STRIPED CHIPMUNK IS KEPT VERY BUSY
I prefer big acorns but I never refuse little ones.
They fit in between.
Happy Jack.
Striped Chipmunk was sitting just
inside a hollow log, studying about how he could fill
up his new storehouse for the winter. Striped
Chipmunk is very thrifty. He likes to play, and
he is one of the merriest of all the little people
who live on the Green Meadows or in the Green Forest.
He lives right on the edge of both and knows everybody,
and everybody knows him. Almost every morning
the Merry Little Breezes of Old Mother West Wind hurry
over to have a frolic with him the very first thing.
But though he dearly loves to play, he never lets
play interfere with work. Whatever he does, be
it play or work, he does with all his might.
“I love the sun; I love
the rain;
I love to
work; I love to play.
Whatever it may bring to me
I love each
minute of each day.”
So said Striped Chipmunk, as he sat
in the hollow log and studied how he could fill that
splendid big new storehouse. Pretty soon he pricked
up his funny little ears. What was all that noise
over in the Green Forest?
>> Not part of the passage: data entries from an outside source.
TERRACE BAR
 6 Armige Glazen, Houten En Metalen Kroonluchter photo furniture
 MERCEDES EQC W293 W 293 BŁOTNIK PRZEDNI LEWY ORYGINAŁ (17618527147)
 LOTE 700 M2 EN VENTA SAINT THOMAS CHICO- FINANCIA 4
Striped Chipmunk peeped
out of the hollow log. Over in the top of a tall
hickory tree a terrible fuss was going on. Striped
Chipmunk listened. He heard angry voices, such
angry voices! They were the voices of his big
cousins, Happy Jack the Gray Squirrel and Chatterer
the Red Squirrel.
“Dear me! Dear me!
How those two do quarrel! I must go over and see
what it is all about,” thought Striped Chipmunk.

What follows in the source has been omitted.